Proof that $(\sin(x),\cos(x))$ describe a circle?

Question

In my analytics class $\sin$ and $\cos$ were defined as follows:

$$ \sin(x) = \sum_{n=0}^\infty \frac{(-1)^{n}x^{2n+1}}{(2n+1)!} \text{ and } \cos(x) = \sum_{n=0}^\infty \frac{(-1)^{n}x^{2n}}{(2n)!}$$

But how does one prove that $\sin$ and $\cos$ are actually the functions that are defined by triangles? In particular I want to prove that

$$t \to (\sin(t),\cos(t))$$

describes a circle for $t$ between $0$ and $2\pi$ where $\pi$ is defined as below.

---

Here are things that have been proven in the class:

Also it was proven that

$$ \sin(x)^2 + \cos(x)^2 = 1$$

And a lot of formulas like this:

• $ \cos(x)=\cos(-x) \text{ and } \sin(x)=-\sin(-z)$
• $\sin(x+y) = \sin(x) \cos(y) + \sin(x)\cos(y)$

Also it was shown that $\cos(x)$ has a zero point in [0,2] which we defined as $\frac{\pi}{2} $. Then we showed:

• $\sin(\pi)=0, \, \cos(\pi)=-1$
• $\cos(\pi+x) = -\cos(x), \, \sin(\pi+x) = -\sin(x)$
• $\sin(\frac{\pi}{2} + x) = \cos(x)$

Answer 1

This probably isn't the best proof but it should work.
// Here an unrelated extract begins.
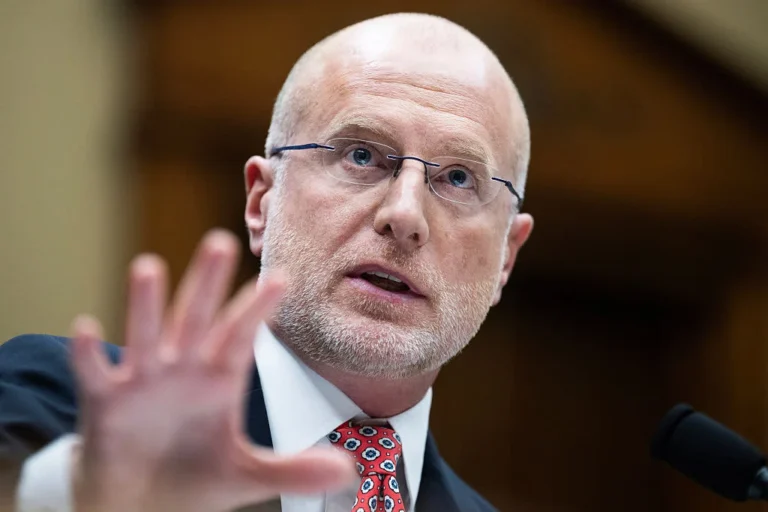 FCC Chairman Brendan Carr Signals Swift Regulatory Path for Paramount Acquisition of Warner Bros Discovery Over Canceled Netflix Proposal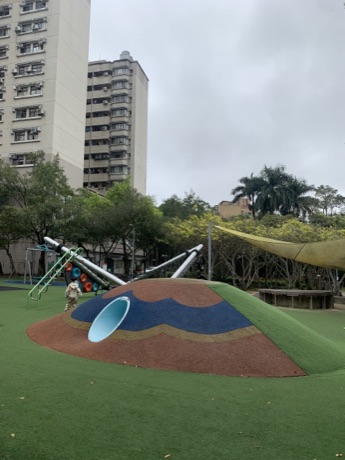萬芳4號公園的管型山丘，草坡上有管狀滑梯出口與天幕。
First use $\sin^2(t)+\cos^2(t)=1$ to conclude that $(\cos(t),\sin(t))$ lies on the unit circle. Then, $(\cos(t),\sin(t))$ is continuous so it maps connected sets in $\mathbb{R}$ to connected sets in $\mathbb{R}^2$. In particular, the image of $[0,\pi]$ under $(\cos(t),\sin(t))$ is a connected set which lies on the unit circle and includes $(1,0)$ and $(-1,0)$. It follows that you must have either the upper or lower half circle in the image of $[0,\pi]$.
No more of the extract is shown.